GSM8K – LLM Glossary

GSM8K (Cobbe et al., OpenAI 2021) contains 8,500 grade-school math word problems, each requiring 2–8 arithmetic steps and no advanced mathematical knowledge. Its importance comes from measuring multi-step reasoning rather than memorisation — solutions require chaining logical steps, not just recalling a formula.

Structure

Property	Detail
Problems	7,473 train / 1,319 test
Difficulty	Elementary (grade 3–7)
Solution length	2–8 steps
Metric	Accuracy on final numeric answer
Prompt style	8-shot chain-of-thought

Chain-of-Thought Impact

GSM8K was the key benchmark used by Wei et al. (2022) to demonstrate that chain-of-thought prompting dramatically boosts reasoning.

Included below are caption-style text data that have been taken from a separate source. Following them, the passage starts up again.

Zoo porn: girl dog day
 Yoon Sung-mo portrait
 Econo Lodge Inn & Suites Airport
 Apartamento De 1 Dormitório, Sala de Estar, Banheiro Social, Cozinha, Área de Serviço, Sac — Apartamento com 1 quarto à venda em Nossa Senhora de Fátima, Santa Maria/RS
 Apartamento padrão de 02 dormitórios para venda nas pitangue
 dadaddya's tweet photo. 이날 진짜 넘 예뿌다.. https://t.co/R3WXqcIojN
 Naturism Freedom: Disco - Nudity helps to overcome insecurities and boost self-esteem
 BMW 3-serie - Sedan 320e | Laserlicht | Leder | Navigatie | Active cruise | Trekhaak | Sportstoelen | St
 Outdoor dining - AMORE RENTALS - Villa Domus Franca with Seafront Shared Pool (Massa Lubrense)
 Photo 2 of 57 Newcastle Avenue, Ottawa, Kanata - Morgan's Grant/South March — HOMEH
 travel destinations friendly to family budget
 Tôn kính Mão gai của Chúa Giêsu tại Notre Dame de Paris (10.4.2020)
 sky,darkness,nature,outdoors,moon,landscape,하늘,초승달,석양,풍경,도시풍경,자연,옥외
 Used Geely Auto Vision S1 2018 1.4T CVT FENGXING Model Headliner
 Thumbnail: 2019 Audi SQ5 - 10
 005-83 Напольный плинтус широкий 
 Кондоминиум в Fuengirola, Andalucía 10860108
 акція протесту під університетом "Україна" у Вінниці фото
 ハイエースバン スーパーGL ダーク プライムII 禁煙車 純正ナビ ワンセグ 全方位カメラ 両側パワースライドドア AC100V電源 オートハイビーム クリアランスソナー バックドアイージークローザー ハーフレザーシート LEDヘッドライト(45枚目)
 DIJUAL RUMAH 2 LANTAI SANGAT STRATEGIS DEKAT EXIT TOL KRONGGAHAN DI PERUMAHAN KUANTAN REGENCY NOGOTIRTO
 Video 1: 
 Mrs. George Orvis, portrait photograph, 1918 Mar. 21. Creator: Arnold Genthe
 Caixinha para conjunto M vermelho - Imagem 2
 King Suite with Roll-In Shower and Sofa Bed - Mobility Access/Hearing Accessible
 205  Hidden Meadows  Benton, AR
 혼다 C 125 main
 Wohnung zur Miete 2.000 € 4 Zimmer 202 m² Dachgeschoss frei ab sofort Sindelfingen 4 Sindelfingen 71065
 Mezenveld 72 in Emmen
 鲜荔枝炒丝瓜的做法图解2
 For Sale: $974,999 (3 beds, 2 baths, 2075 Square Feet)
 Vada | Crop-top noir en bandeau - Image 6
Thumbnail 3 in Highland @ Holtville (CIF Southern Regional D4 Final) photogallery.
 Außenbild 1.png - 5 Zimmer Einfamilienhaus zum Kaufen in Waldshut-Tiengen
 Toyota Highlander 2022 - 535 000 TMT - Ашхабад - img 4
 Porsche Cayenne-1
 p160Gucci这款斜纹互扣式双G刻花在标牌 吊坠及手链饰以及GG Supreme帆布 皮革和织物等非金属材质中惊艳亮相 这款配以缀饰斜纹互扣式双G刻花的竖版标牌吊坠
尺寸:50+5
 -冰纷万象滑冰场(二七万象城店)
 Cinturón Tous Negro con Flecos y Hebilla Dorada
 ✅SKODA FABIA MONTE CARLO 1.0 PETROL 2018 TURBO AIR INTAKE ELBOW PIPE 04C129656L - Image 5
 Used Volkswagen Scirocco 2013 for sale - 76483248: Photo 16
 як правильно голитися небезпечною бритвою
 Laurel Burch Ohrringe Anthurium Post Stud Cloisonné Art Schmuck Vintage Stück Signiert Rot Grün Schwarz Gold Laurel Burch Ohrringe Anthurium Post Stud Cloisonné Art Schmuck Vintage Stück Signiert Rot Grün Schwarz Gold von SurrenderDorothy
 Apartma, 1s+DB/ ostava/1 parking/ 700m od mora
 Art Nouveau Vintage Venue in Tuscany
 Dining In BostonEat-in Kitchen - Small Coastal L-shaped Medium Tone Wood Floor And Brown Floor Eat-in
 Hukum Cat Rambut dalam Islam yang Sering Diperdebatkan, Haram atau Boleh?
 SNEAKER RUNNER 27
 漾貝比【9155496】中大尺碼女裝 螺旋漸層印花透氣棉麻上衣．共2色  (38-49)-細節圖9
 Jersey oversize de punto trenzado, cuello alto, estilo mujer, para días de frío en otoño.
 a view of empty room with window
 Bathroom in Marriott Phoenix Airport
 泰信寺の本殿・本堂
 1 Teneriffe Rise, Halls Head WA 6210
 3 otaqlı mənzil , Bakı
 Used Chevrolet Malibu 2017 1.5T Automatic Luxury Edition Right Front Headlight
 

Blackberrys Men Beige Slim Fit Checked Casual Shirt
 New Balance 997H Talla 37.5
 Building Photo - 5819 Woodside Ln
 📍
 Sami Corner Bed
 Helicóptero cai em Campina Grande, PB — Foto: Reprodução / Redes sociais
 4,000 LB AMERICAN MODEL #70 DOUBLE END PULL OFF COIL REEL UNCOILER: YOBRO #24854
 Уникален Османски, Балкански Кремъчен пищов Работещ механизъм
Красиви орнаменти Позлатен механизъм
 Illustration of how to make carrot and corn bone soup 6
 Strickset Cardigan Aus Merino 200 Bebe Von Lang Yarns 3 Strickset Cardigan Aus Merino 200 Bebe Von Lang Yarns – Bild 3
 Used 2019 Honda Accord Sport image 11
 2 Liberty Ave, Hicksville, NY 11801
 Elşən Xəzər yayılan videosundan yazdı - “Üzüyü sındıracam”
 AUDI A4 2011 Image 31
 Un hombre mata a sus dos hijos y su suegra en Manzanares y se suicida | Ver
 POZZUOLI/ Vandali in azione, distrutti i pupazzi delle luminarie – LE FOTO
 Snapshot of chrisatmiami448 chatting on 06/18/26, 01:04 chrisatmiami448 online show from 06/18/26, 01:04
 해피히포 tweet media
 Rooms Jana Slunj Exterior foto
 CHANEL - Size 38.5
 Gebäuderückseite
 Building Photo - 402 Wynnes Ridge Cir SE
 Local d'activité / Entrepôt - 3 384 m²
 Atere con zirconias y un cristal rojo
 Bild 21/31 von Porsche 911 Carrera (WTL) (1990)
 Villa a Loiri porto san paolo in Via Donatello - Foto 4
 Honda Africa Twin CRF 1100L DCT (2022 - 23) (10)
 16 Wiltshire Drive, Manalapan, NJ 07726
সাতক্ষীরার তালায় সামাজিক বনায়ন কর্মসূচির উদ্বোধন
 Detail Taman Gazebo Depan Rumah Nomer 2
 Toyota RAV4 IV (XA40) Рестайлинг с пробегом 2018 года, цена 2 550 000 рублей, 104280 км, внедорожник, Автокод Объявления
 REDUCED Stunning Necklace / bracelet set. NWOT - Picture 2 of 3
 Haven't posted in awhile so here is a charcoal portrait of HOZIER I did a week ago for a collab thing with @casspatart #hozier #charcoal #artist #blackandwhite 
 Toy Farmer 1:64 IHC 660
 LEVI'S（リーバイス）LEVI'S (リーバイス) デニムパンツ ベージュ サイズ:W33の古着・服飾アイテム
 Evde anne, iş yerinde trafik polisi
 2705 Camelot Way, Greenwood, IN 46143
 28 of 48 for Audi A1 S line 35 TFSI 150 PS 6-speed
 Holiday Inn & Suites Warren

Before CoT, GPT-3 scored ~17%. With CoT, the same model jumped to ~56%. This single observation changed how LLMs are prompted everywhere.

Score Progression

Model	Accuracy	Method
GPT-3 (175B, 2021)	17.4%	0-shot
GPT-3 + CoT	56.4%	8-shot CoT
GPT-4 (2023)	92.0%	5-shot CoT
Claude 3.5 Sonnet	96.4%	0-shot CoT
o3 (2025)	97.9%	reasoning model
Llama 3.1 8B	84.5%	5-shot CoT

Saturation

Frontier models score 96–98% on GSM8K — near saturation. The field has moved to MATH (competition-level), AIME (olympiad), and OmniMATH for meaningful discrimination at the frontier.